Members of Metro Detroit’s LGBT community and allies are mourning the victims of the Orlando nightclub shooting.
A group held a vigil for them at Ferndale City Hall tonight.
Julia Music is the chair of Ferndale Pride.
She called the attack an act of “hate, terrorism, and ignorance.”
But Music urged the group to keep welcoming Muslims, who she says have just started to join Detroit’s LGBT community “in visible numbers.”
“Please open your arms wide to them,” Music said. “I’ve heard their stories. And they face unspeakable acts of discrimination, just by being Muslims in our country. Please don’t perpetuate that hate.”
Similar vigils around Michigan Sunday night also marked the deaths of the 50 people in Orlando.
In Ann Arbor, people gathered at a courtyard that hosted a celebration almost a year ago after the U.S. Supreme Court legalized same-sex marriage.

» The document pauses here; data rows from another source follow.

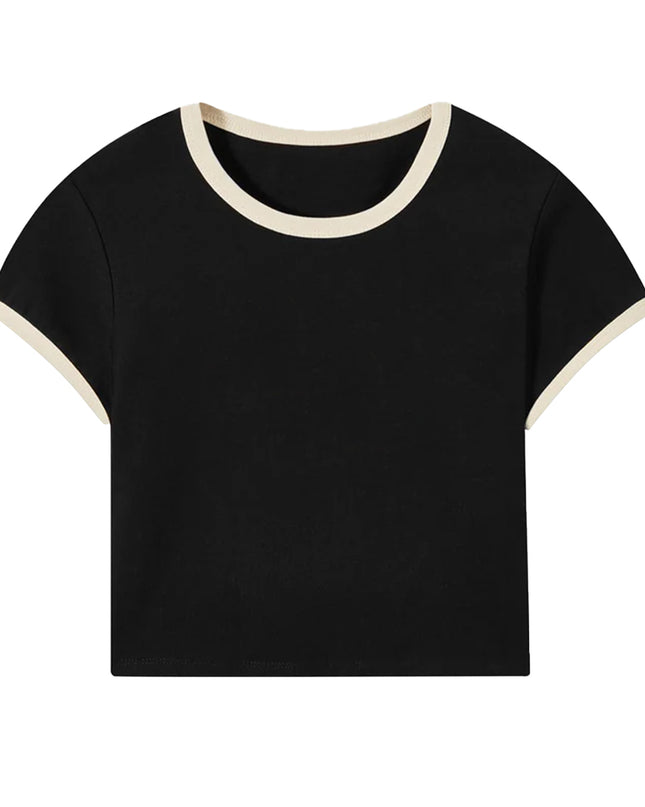 Valk Baby Tee Color Ribbing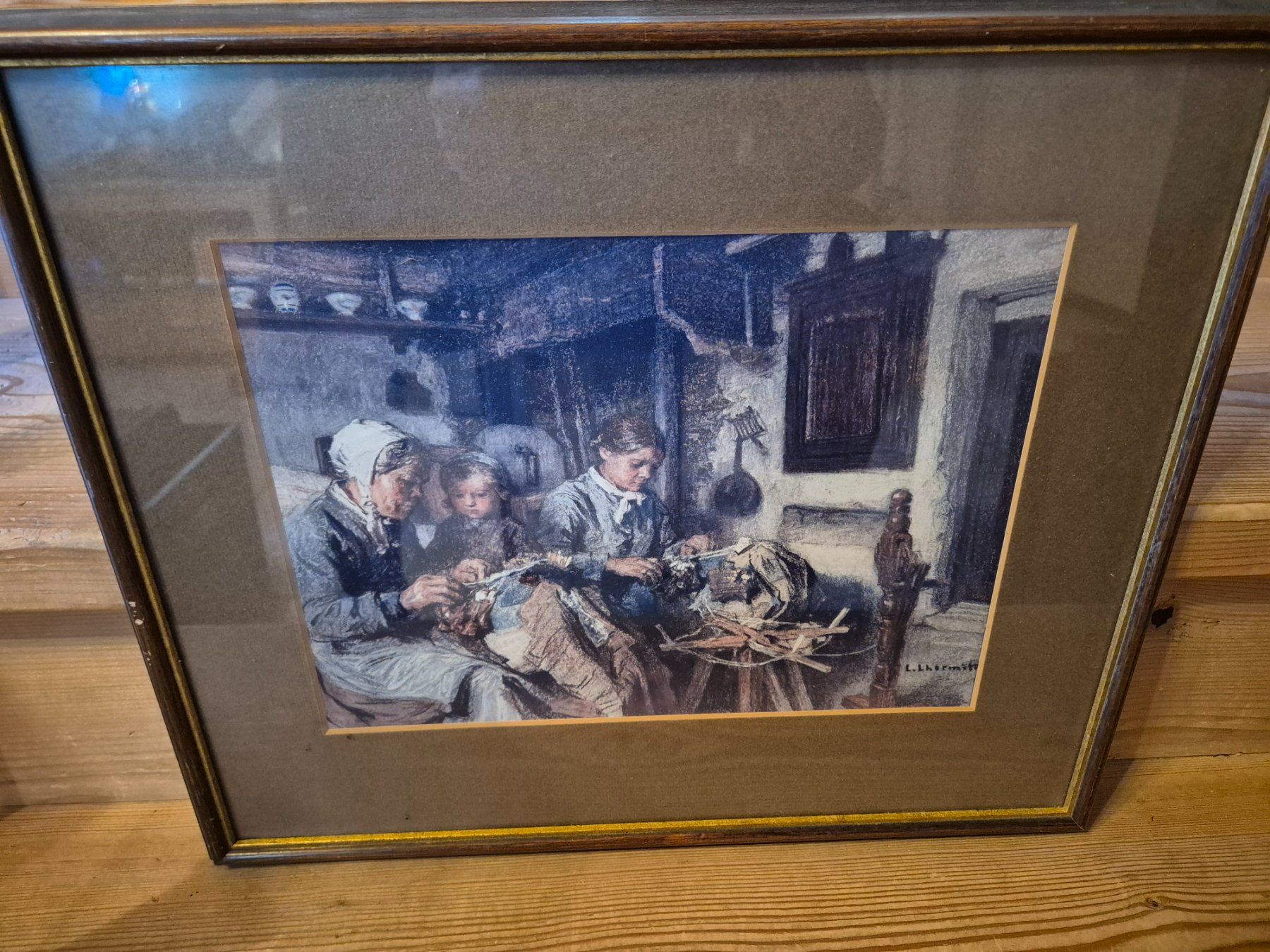 Grafica & Litografie: Alte Lithographie, L. Lhermitte, gerahmt – Usato da Grandval venduto da ChezJerome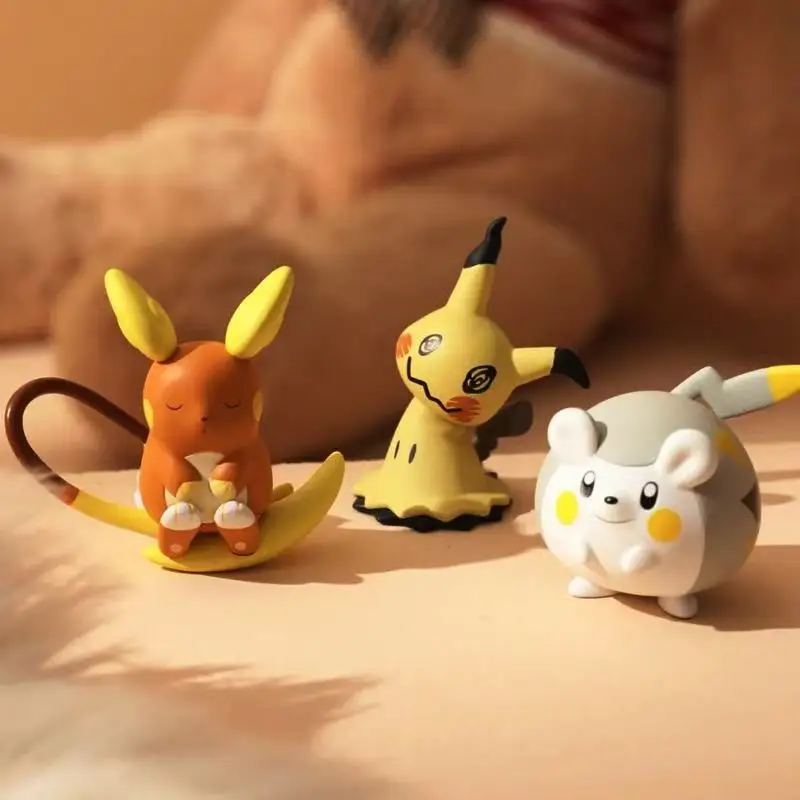 Pokemon Anime Figures Mewtwo Gengar Pikachu Eevee Dragon Cosplay Collection Action Figures Model Toy Birthday Gifts Buy in bulk view 3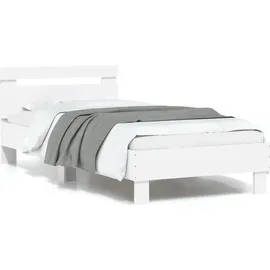 vidaXL Bettgestell 90 x 190 cm Weiß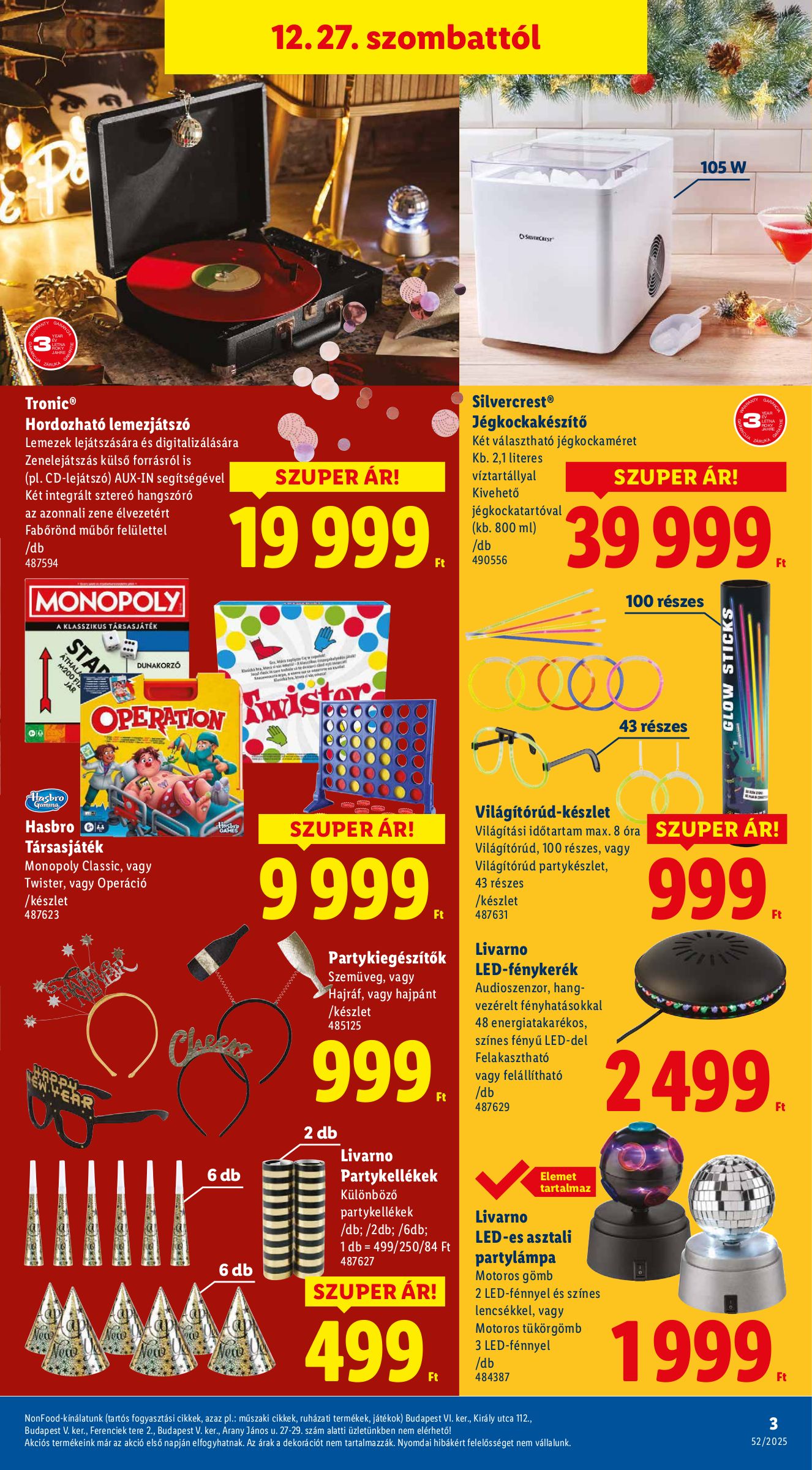 lidl - Lidl - Nonfood akciós újság, érvényes 12.27. - 12.31. - page: 3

Rosalee Wright says she’s the mother of a gay son. She wants to see stricter gun laws.
“We have got to change laws that will make it much for difficult to get a gun that sounded like the beat of a song in a night spot because it was such a fast and furious fuselage,” she said.
There are 48 bills before the Michigan Legislature dealing with guns.
Stephenie White is the executive director of Equality Michigan. She says adding LGBT protections to the state’s civil rights law would be a step in the right direction.
“It says we’re not second-class citizens, and as long as we still are second-class citizens, unfortunately, there are a lot of people who are sad an unstable who will take that to violent ends,” she said. “This was a sad, stark reminder of how much our community is seen as disposable, as second-class, as other, and as a valid target.”
The effort to add LGBT protections to the civil rights law is stalled in the Michigan Legislature, along with a bill to enact a Michigan Religious Freedom Restoration Act.
Leaders of Michigan’s Muslim community have also condemned the Orlando attack.
Governor Rick Snyder ordered flags at state buildings to be flown at half-staff in memory of those killed.
Members of Michigan congressional delegation also expressed sympathy.
U.S. Rep. Brenda Lawrence, D-Southfield, said “the epidemic of gun violence in America must come to an end.”